A lump sum may offer inflation protection if invested. Especially when combined with all your 401K and IRA amounts. Then by using the 4% safe withdrawal strategy with yearly inflation increases you could take care of inflation and spending power. But there are no guarantees on investment returns. The 4% withdrawal strategy may have to be adjusted downward during bad market investment years.

Your Age

The younger you are when you retire the more negative variables there are for both the Annuity and Lump Sum option. If the pension is at risk of default then look at the PBGC payout graph. You will see the younger you are the more they cut from your payment for the rest of your life.

If you take the lump sum you must consider there are more years of investment uncertainty that you will have to live through and self-fund.

Your Health and Longevity

Most annuities end when you die. If your family history is short-lived or you are now in poor health then the lump sum may be the way to go.

If you are married and have the survivor pension benefit available then you should also consider your spouse’s health and longevity. Having a short projected life longevity may make the annuity with a survivor benefit for a spouse having longevity on their side more appropriate.

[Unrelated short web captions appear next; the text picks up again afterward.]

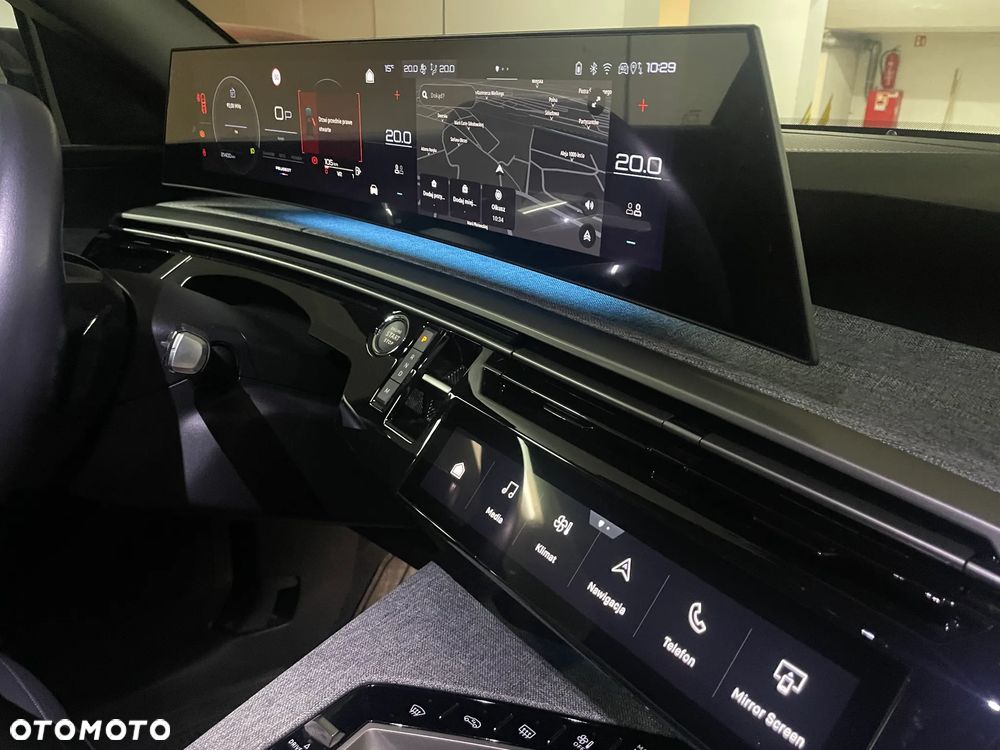 Peugeot 3008 1.2 PureTech mHEV Allure Pack S&S e-DCS6 - 18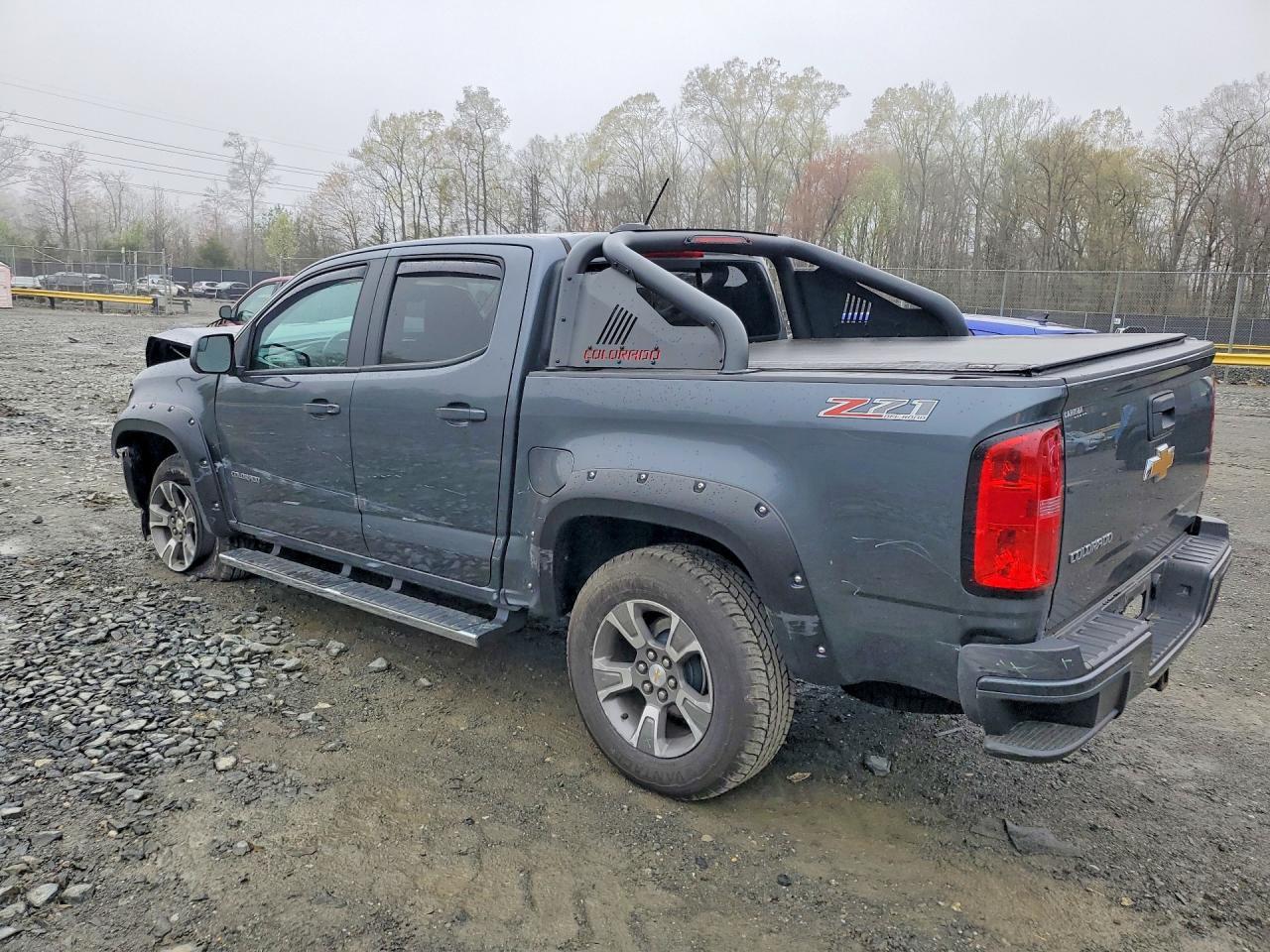 2016 Chevrolet Colorado Z71 - Фото 2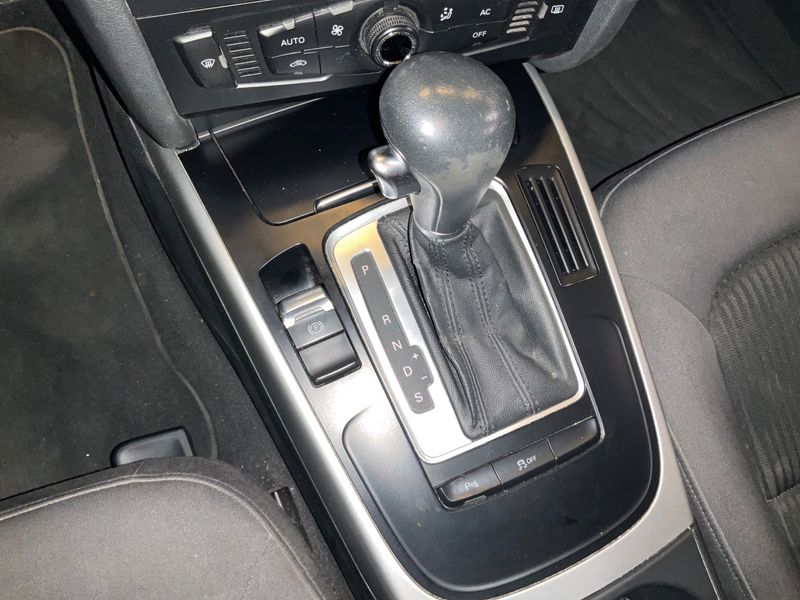 Audi A4 2.0 TDI 2010 – снимка 32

The Lump Sum isn’t necessary out of the decision here with longevity being a factor. It just means be aware that there is more risk of investment volatility that must be considered.

Your Financial Situation

For making the choice between pension annuity or lump sum look at your total financial picture. Add your lump sum value to all of your other savings. Look at your total and ask yourself, will you be able to live your retirement lifestyle with a 4% to 5% withdrawal rate?

If you take the annuity and with adding to it a 4% to 5% withdrawal rate from your other savings total. Does it come out higher than the lump sum with all savings calculation? The idea here is to look at what provides the best monthly income over the long haul.

Your Risk Tolerance

If you have no risk tolerance and can’t sleep when the stock and bond markets are rolling up and down. Then the annuity may just be the better bet. If you can tolerate market volatility and your investment portfolio can generate decent returns. Then the lump sum may be your choice.

I am sure that there are more considerations when looking at the Pension Lump Sum vs Traditional Annuity. These above issues were the things I was going through for my decision.

For me another issue was emotional. I just did not want to be connected for life to the company I no longer recognized nor agreed with. That gave weight to my cutting ties as much as possible when I elected to take the Lump Sum.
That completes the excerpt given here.